Roaring Fork River
Insights
The Roaring Fork is the West's marquee freestone — 70 miles from Independence Pass at 12,000 feet down through Aspen, Basalt, and Carbondale to the Colorado River at Glenwood Springs. The upper river through Aspen is small-stream pocket water with cutthroat, brook trout, and rainbows. Below Aspen the river gathers volume from Castle, Maroon, and Brush creeks and becomes a true big-water freestone with deep runs, riffles, and overhanging willow banks.
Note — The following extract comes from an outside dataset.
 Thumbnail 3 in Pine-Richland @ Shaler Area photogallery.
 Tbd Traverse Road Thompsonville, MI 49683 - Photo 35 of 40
Below the Crystal River confluence at Carbondale the river widens further and is the classic drift-boat hopper-dropper water — float trips from Carbondale to Westbank and Westbank to Glenwood are the standard Roaring Fork day.
The river is Gold Medal water for its lower 30 miles (Basalt to Glenwood) and fishes from clear-up in early July through October. Snowmelt blows the river out from mid-May into late June. The famous post-runoff event is the Green Drake hatch in July — large slate-gray mayflies that move fish off the bottom and into surface-feeding mode. PMDs, caddis, and Yellow Sallies fish through July and August. Hopper fishing from the boat is the staple all summer. Fall brings BWOs, brown trout streamer fishing, and crisp aspen-leaf golden mornings. The river holds the densest wild brown trout populations in this part of Colorado.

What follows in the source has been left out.